Get What You Like, Like What You Get

LostThere has been a lot of rabid discussion of Lost as the TV series winds down. There are tons of articles and blog posts, but this one piece by James Poniewozik is probably a perfect distillation of the discussion. (Maybe you also want to read this long interview with Cuse and Lindelof .)

There’s a phenomenon I’ve noticed most of my life, but I seem to have become more aware of it over the last decade: People complaining about artistic works not being what they thought it should be.

Why was this new album not as upbeat as the last one? Why did she have to die at the end? You played that scene so over-the-top; wouldn’t it have been better if played in a more subdued manner?

In other words, it’s not “I didn’t like it.” Or “It didn’t work.” It’s Monday morning quarterbacking. It’s being a back seat driver. It’s wishing to control the direction of art, instead of just responding to the artist’s intentions and actions.

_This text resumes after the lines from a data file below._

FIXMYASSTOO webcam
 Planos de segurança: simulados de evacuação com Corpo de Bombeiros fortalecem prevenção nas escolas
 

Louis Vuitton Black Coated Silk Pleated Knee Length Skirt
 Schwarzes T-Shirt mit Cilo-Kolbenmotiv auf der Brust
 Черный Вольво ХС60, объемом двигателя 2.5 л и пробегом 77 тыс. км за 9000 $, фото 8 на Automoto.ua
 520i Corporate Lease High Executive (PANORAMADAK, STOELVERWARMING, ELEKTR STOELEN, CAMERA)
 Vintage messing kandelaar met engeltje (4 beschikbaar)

In the post referenced above, Poniewozik wrote:

…the whole discussion is starting to remind me if the ending days of The Sopranos, when people were basically arguing that David Chase did not understand his own show. David Chase, by definition, understood The Sopranos. He just didn’t necessarily understand the version of it that you wanted him to make.

That sounds exactly correct.

I loved the ending of The Sopranos. It was widely reviled. That’s fair; you don’t have to like it.

But as I expressed in a blog post, you were flat-wrong if you thought David Chase had betrayed the show’s fans, because that was exactly the kind of show he wanted to make and had been making for six seasons.

And therefore, my feelings are this: You don’t like it? Go watch The Mentalist.